When you respond, restate each record exactly as it is given.

──────── RECORDS FOR THIS EXERCISE

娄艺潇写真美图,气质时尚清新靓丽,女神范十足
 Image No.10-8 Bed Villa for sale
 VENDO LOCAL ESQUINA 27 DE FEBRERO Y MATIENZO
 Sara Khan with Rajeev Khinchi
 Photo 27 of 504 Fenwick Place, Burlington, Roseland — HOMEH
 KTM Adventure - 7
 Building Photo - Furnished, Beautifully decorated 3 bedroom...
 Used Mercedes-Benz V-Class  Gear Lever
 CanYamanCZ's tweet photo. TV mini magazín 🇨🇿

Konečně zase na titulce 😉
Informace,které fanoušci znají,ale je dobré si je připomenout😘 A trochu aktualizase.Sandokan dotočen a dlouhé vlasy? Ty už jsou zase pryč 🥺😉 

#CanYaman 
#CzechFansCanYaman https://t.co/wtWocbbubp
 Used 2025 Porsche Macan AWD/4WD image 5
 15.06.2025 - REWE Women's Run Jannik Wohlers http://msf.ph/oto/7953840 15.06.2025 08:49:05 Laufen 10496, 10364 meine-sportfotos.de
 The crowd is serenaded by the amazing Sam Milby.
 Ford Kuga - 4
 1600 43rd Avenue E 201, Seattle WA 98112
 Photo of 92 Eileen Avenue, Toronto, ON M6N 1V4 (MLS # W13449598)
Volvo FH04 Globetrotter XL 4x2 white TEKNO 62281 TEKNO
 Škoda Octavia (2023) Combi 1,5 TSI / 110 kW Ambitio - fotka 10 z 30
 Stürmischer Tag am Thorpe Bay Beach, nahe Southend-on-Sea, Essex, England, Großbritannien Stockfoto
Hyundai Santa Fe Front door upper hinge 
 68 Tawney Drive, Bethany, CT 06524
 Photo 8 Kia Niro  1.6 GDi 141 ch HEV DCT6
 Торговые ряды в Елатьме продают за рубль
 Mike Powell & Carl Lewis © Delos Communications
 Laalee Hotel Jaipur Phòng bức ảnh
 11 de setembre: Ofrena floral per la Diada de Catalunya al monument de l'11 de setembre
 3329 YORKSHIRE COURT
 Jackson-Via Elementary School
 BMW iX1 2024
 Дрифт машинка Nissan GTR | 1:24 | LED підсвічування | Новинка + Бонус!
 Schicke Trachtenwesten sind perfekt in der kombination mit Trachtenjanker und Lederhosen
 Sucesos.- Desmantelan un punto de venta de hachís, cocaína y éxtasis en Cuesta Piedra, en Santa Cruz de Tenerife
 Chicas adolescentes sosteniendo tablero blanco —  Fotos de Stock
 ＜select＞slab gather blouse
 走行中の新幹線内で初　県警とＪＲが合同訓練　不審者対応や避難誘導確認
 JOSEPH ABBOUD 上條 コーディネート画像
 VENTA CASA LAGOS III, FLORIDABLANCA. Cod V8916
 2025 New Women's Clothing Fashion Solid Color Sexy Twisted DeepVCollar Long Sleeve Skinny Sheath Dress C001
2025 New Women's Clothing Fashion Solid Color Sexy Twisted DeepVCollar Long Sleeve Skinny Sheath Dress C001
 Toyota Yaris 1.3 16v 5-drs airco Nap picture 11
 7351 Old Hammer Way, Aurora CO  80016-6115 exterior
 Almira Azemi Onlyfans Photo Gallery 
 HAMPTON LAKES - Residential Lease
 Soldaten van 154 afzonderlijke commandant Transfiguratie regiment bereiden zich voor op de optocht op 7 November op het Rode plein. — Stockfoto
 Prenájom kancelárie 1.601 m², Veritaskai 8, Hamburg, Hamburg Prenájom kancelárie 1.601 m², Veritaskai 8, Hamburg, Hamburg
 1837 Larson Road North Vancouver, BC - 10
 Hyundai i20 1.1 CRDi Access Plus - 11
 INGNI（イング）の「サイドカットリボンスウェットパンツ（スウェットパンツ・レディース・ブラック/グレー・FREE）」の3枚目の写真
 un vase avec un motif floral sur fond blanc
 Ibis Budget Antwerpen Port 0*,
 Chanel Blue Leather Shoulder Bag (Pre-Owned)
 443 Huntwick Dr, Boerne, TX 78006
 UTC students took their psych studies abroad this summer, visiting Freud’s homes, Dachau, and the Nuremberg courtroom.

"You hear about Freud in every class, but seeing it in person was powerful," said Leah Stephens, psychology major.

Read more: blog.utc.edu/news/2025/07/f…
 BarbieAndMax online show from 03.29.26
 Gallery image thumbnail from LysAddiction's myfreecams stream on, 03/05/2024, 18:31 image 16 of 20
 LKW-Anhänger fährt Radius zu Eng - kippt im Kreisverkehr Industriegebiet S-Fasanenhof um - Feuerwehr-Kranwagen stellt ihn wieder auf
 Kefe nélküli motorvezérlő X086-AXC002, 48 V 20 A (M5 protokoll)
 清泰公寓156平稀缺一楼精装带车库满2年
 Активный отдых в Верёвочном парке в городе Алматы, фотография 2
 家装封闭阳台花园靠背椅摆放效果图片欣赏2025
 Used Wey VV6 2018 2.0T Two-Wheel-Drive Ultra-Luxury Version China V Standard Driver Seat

────────────────

RESULT BELOW:
娄艺潇写真美图,气质时尚清新靓丽,女神范十足
 Image No.10-8 Bed Villa for sale
 VENDO LOCAL ESQUINA 27 DE FEBRERO Y MATIENZO
 Sara Khan with Rajeev Khinchi
 Photo 27 of 504 Fenwick Place, Burlington, Roseland — HOMEH
 KTM Adventure - 7
 Building Photo - Furnished, Beautifully decorated 3 bedroom...
 Used Mercedes-Benz V-Class  Gear Lever
 CanYamanCZ's tweet photo. TV mini magazín 🇨🇿

Konečně zase na titulce 😉
Informace,které fanoušci znají,ale je dobré si je připomenout😘 A trochu aktualizase.Sandokan dotočen a dlouhé vlasy? Ty už jsou zase pryč 🥺😉 

#CanYaman 
#CzechFansCanYaman https://t.co/wtWocbbubp
 Used 2025 Porsche Macan AWD/4WD image 5
 15.06.2025 - REWE Women's Run Jannik Wohlers http://msf.ph/oto/7953840 15.06.2025 08:49:05 Laufen 10496, 10364 meine-sportfotos.de
 The crowd is serenaded by the amazing Sam Milby.
 Ford Kuga - 4
 1600 43rd Avenue E 201, Seattle WA 98112
 Photo of 92 Eileen Avenue, Toronto, ON M6N 1V4 (MLS # W13449598)
Volvo FH04 Globetrotter XL 4x2 white TEKNO 62281 TEKNO
 Škoda Octavia (2023) Combi 1,5 TSI / 110 kW Ambitio - fotka 10 z 30
 Stürmischer Tag am Thorpe Bay Beach, nahe Southend-on-Sea, Essex, England, Großbritannien Stockfoto
Hyundai Santa Fe Front door upper hinge 
 68 Tawney Drive, Bethany, CT 06524
 Photo 8 Kia Niro  1.6 GDi 141 ch HEV DCT6
 Торговые ряды в Елатьме продают за рубль
 Mike Powell & Carl Lewis © Delos Communications
 Laalee Hotel Jaipur Phòng bức ảnh
 11 de setembre: Ofrena floral per la Diada de Catalunya al monument de l'11 de setembre
 3329 YORKSHIRE COURT
 Jackson-Via Elementary School
 BMW iX1 2024
 Дрифт машинка Nissan GTR | 1:24 | LED підсвічування | Новинка + Бонус!
 Schicke Trachtenwesten sind perfekt in der kombination mit Trachtenjanker und Lederhosen
 Sucesos.- Desmantelan un punto de venta de hachís, cocaína y éxtasis en Cuesta Piedra, en Santa Cruz de Tenerife
 Chicas adolescentes sosteniendo tablero blanco —  Fotos de Stock
 ＜select＞slab gather blouse
 走行中の新幹線内で初　県警とＪＲが合同訓練　不審者対応や避難誘導確認
 JOSEPH ABBOUD 上條 コーディネート画像
 VENTA CASA LAGOS III, FLORIDABLANCA. Cod V8916
 2025 New Women's Clothing Fashion Solid Color Sexy Twisted DeepVCollar Long Sleeve Skinny Sheath Dress C001
2025 New Women's Clothing Fashion Solid Color Sexy Twisted DeepVCollar Long Sleeve Skinny Sheath Dress C001
 Toyota Yaris 1.3 16v 5-drs airco Nap picture 11
 7351 Old Hammer Way, Aurora CO  80016-6115 exterior
 Almira Azemi Onlyfans Photo Gallery 
 HAMPTON LAKES - Residential Lease
 Soldaten van 154 afzonderlijke commandant Transfiguratie regiment bereiden zich voor op de optocht op 7 November op het Rode plein. — Stockfoto
 Prenájom kancelárie 1.601 m², Veritaskai 8, Hamburg, Hamburg Prenájom kancelárie 1.601 m², Veritaskai 8, Hamburg, Hamburg
 1837 Larson Road North Vancouver, BC - 10
 Hyundai i20 1.1 CRDi Access Plus - 11
 INGNI（イング）の「サイドカットリボンスウェットパンツ（スウェットパンツ・レディース・ブラック/グレー・FREE）」の3枚目の写真
 un vase avec un motif floral sur fond blanc
 Ibis Budget Antwerpen Port 0*,
 Chanel Blue Leather Shoulder Bag (Pre-Owned)
 443 Huntwick Dr, Boerne, TX 78006
 UTC students took their psych studies abroad this summer, visiting Freud’s homes, Dachau, and the Nuremberg courtroom.

"You hear about Freud in every class, but seeing it in person was powerful," said Leah Stephens, psychology major.

Read more: blog.utc.edu/news/2025/07/f…
 BarbieAndMax online show from 03.29.26
 Gallery image thumbnail from LysAddiction's myfreecams stream on, 03/05/2024, 18:31 image 16 of 20
 LKW-Anhänger fährt Radius zu Eng - kippt im Kreisverkehr Industriegebiet S-Fasanenhof um - Feuerwehr-Kranwagen stellt ihn wieder auf
 Kefe nélküli motorvezérlő X086-AXC002, 48 V 20 A (M5 protokoll)
 清泰公寓156平稀缺一楼精装带车库满2年
 Активный отдых в Верёвочном парке в городе Алматы, фотография 2
 家装封闭阳台花园靠背椅摆放效果图片欣赏2025
 Used Wey VV6 2018 2.0T Two-Wheel-Drive Ultra-Luxury Version China V Standard Driver Seat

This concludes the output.